Les principaux apports du programme du MIC? “Le feedback. Il a attiré notre attention sur certaines métriques en termes de business development, nous a poussé à tester certaines hypothèses. Les ateliers thématiques ont permis de nous rafraîchir les idées par rapport aux théories commerciales.”
Ce n’est toutefois pas l’équipe du MIC qui leur a soufflé l’idée du scénario papier. “Nous ne l’avions certes pas avant de commencer le programme d’accélération mais c’est un constat que nous avons posé face à la réalité à laquelle est confrontée la société. Il nous fallait prendre une décision.”
Le programme a donc permis de progresser mais pas d’accélérer. “Parce que nous n’avons pas encore vraiment trouvé notre modèle business…”
Là où il n’est plus question d’exportation
… du moins pas à court terme.
La levée de fonds, effectuée pour partie auprès du fonds W.IN.G, avait pour but à la fois de financer le recrutement de nouveaux collaborateurs, de poursuivre le développement de la version pour domicile et d’entamer la phase d’internationalisation, tant en Europe qu’outre-Atlantique.

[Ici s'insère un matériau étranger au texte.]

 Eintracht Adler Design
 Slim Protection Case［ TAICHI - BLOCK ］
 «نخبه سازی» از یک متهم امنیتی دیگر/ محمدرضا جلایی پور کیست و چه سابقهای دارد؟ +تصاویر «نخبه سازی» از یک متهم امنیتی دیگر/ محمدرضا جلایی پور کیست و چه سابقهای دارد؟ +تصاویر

Aujourd’hui, la société dit vouloir se concentrer davantage sur la Belgique (tant côté francophone que néerlandophone). Que ce soit pour la version numérique pour maisons de repos (même si deux établissements français font déjà partie des sites-pilote) ou pour la version pour domicile, qui exigera, rappelons-le, des partenariats avec un ou plusieurs opérateurs telco.
Le marché belge, à cet égard, étant assez étriqué et n’offrant pas énormément de choix de partenaires, se lancer à l’étranger ne serait-il pas un “pied à l’étrier” utile, voire plus facile? Simon Desbarax ne le croit pas (ou plus): “Nous ne cherchons pas, actuellement, à aller à l’étranger en raison de ressources limitées. Plus tard, sur base des premiers partenariats, il sera possible de dupliquer le modèle…”
Côté vente directe de la solution numérique aux maisons de repos, les premiers contrats ont été passés. En ce compris d’ailleurs avec deux acteurs français (mais les noms restent confidentiels). Pour la commercialisation de la solution à l’étranger, Neveo passera par des accords avec des partenaires.
En Belgique, son premier partenaire est Screen Service.